Naubert: Als Bundesliga harmonieren wir in der internationalen Vermarktung bereits eng mit den Clubs, enger als jede andere Liga in Europa. Das kann ein echter USP für die Internationalisierung der Bundesliga werden. Wir haben hier noch unglaublich viel Potenzial, wenn wir unsere Kräfte bündeln und bereit sind, an der richtigen Stelle zu investieren.

Peer Naubert, Chief Marketing Officer und Geschäftsführer der Bundesliga International, verantwortet das globale Marketing, die Vermarktung der internationalen Medienrechte sowie den Vertrieb der Lizenz- und Sponsoringrechte der DFL. Er ist bereits seit 2018 für die DFL-Gruppe tätig. Vor seinem Wechsel zur DFL arbeitete er als Senior Vice President Market Development bei Sportfive, wo er die Entwicklung und Implementierung von Internationalisierungs- und Wachstumsstrategien für Rechtehalter in neuen Märkten verantwortete. So begleitete der studierte Betriebswirt in dieser Zeit unter anderem die National Football League (NFL) sowie verschiedene europäische Fußballclubs bei deren Internationalisierungsaktivitäten in Europa, China, Südostasien sowie Nord- und Mittelamerika.

SPOBIS: Noch mehr Impact wäre mit einem höheren Marketingbudget möglich. Die spanische La Liga soll hier nach SPOBIS-Informationen zwischen 60 und 70 Millionen Euro pro Jahr zur Verfügung haben – mehr als das Zehnfache der Bundesliga. Die La Liga arbeitet gleichzeitig mit 160 Mitarbeitenden an der Internationalisierung, auch diese Zahl ist um den Faktor vier höher als in der Bundesliga. Schauen Sie als CMO in dieser Hinsicht neidisch gen Süden?

Naubert: Nein, denn wir verfolgen selbst eine klare Strategie und haben den Investitionsbedarf definiert. Unabhängig davon bin ich der Meinung, dass wir mit unseren limitierten Mitteln aktuell im Vergleich deutlich mehr für die Bundesliga erreichen und herausholen. Eine besondere Relevanz in den einzelnen Märkten gelingt aber nur, wenn wir gemeinsam mit den Clubs noch aktiver werden und deutlich mehr Ressourcen für das Produkt Bundesliga aufbringen.

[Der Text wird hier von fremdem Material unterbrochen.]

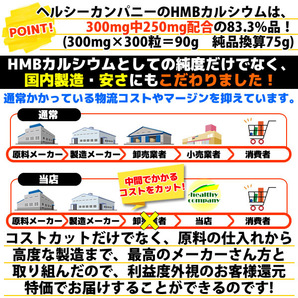 HMB サプリ 300mg×300粒 純度83.3％ HMBカルシウム 75000mg配合 HMBca 国内製造 メール便 送料無料 セール特売品の画像7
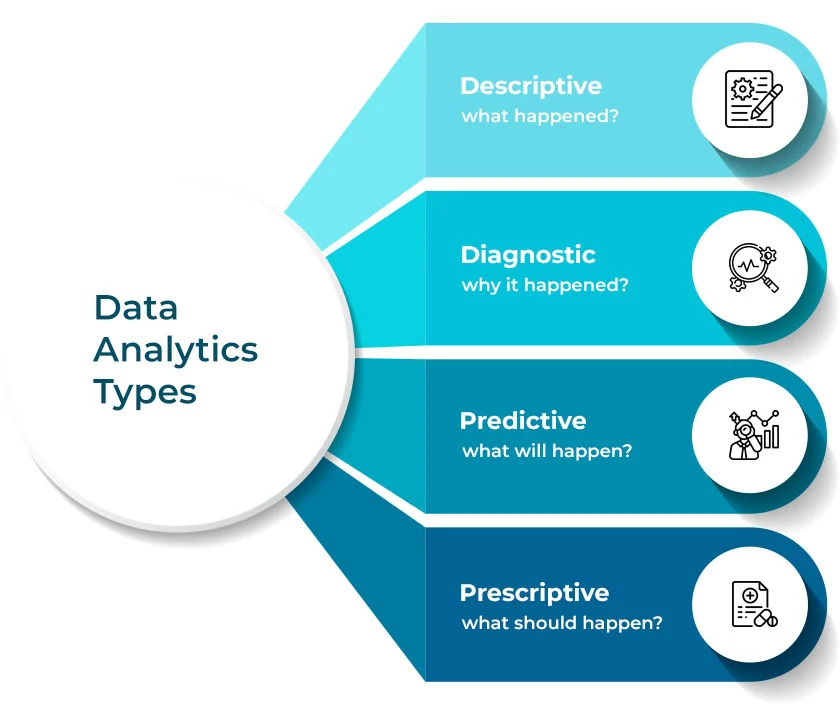 Different types of data analytics 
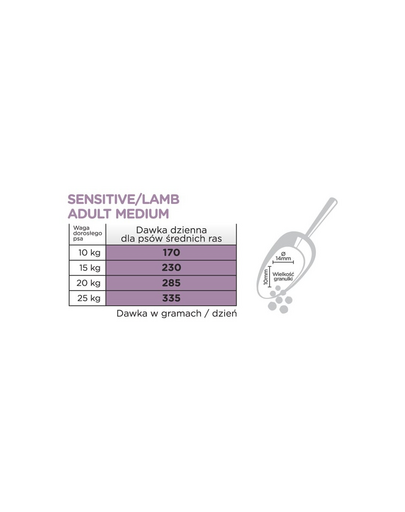 ARION Original Sensitive Adult Medium Lamb Rice 12 kg cu miel, pentru caini talie medie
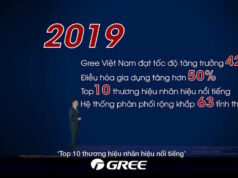 Gree giới thiệu 3 dòng điều hòa và nhiều sản phẩm gia dụng mới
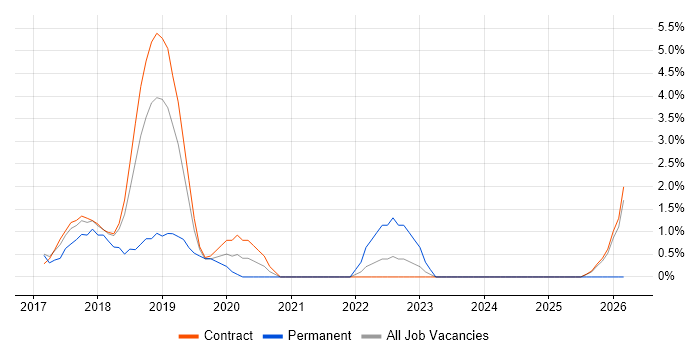 Redux job vacancy trend in Canary Wharf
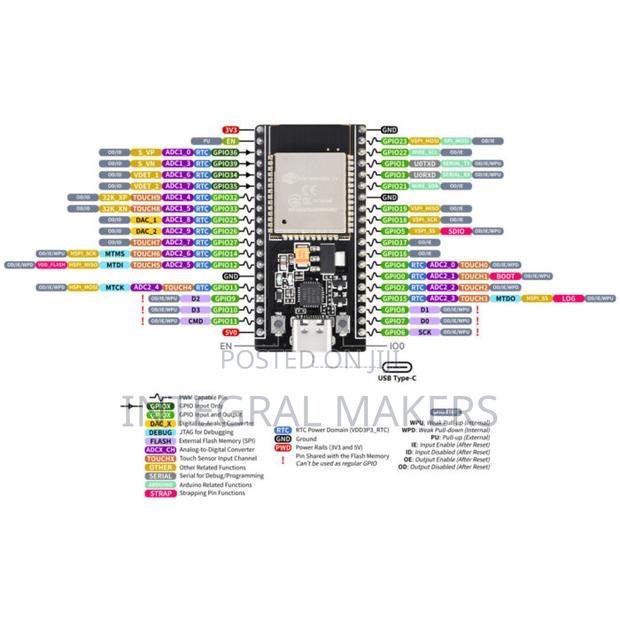 Esp32 (32pin) :Wifi Bluetooth - thumbnail 3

SPOBIS: Das DFL-Präsidium wird den Prozess zum Abschluss einer Vermarktungspartnerschaft mit einem strategischen Partner nicht weiterführen. Inwieweit beeinflusst dies die künftigen Wachstumsmöglichkeiten der Bundesliga im internationalen Bereich?

Naubert: Uns muss klar sein, dass Investitionen wesentlich zum Wachstum unseres internationalen Geschäfts beitragen. Wir können aktuell noch nicht die volle Kraft entfalten, die wir entfalten könnten. Denn die Bundesliga hat in Bezug auf die internationale Vermarktung noch großes Potenzial. Das positive Momentum ist auf unserer Seite. Es braucht aber einen Push und Investitionen, um das Wachstum noch deutlich zu beschleunigen und mittel- und langfristig die Früchte zu ernten, die wir bereits in den vergangenen Jahren gesät haben und weiter säen werden.

SPOBIS: Herr Naubert, vielen Dank für das Gespräch.